The Nome Police Department’s progress towards accreditation was a major topic of discussion during the city’s Public Safety Advisory Commission meeting on Monday night.
In general, accreditation is a third-party approval of an organization’s qualifications to perform police work for a city.
Nome PD has never been an accredited police agency, but police chief Mike Heintzelman said it should be in about two years.
According to Nome City Manager Glenn Steckman, accreditation, in his experience, leads to a “tremendous level of professionalism” in a police department.
To achieve the goal of accreditation, the department is going through a series of changes to its policy manual, the way that evidence is stored and recorded, and includes updates to police video cameras in vehicles and the department’s emergency radio systems, Heintzelman said.
The first step is to update the policies and procedures used by the department, according to Heintzelman.
“(Policies are) a standardized way of doing certain practices. And a good portion of that happens to be with our policy manual, which dictates everything that basically we do as police officers,” Heintzelman said.

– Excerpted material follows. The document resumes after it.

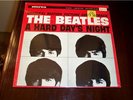 THE BEATLES  A HARD DAY'S NIGHT  FACTORY SEALED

One part of the change that Nome PD is involved in is making sure each officer has the latest training in dealing with sex offenses in the community.
“That is part of the training that we try and make sure that every one of our officers has. There is no set amount of training that is required by accreditation. However, as the department goes, you’re only as good as the experience in the department,” Heintzelman said.
The evidence locker at NPD is also getting a revamp. All evidence will soon be tagged with barcodes. Scanners will be able to log and identify every piece of evidence related to cases under investigation.
“Evidence itself is one of the most important things and any particular case that we would take to trial … It dictates the facts of the evidence as it is,” Heintzelman said. “(It is) the physical portion of that particular offense and then has to be handled in a certain way.”
The Public Safety Advisory Commission put forward a proposal for NPD to implement in-car video systems, both dash and prisoner cams. The systems would be added to NPD’s body-cam products by being installed in patrol vehicles.
That proposal is pending final approval for FY-24 from the Common Council.
“In-car cameras will provide a recording of any transports we do,” Heintzelman said. “It might be someone just needing a ride, or it might be a subject that being transported to headquarters or the jail. So, it’s just one other piece of the puzzle. As far as a video of what transpired throughout the day, you know, and whether it be a transport or whether it be an arrest.”
Chief Heintzelman said three in-car police radios systems are also slated for replacement.
“It is very antiquated, and we’ve had some problems with it,” Heintzelman said. “We’ve had problems with, you know, with the ability to transmit or an officer’s ability to transmit.”
During the discussion on accreditation, Heintzelman also provided the commission with the department’s quarterly report. It shows, between Jan. 1 and March 31, a total of 93 arrests — of which 87 percent, or 81 total arrests — were alcohol-related. A total of 243 calls to 911 were logged during that time.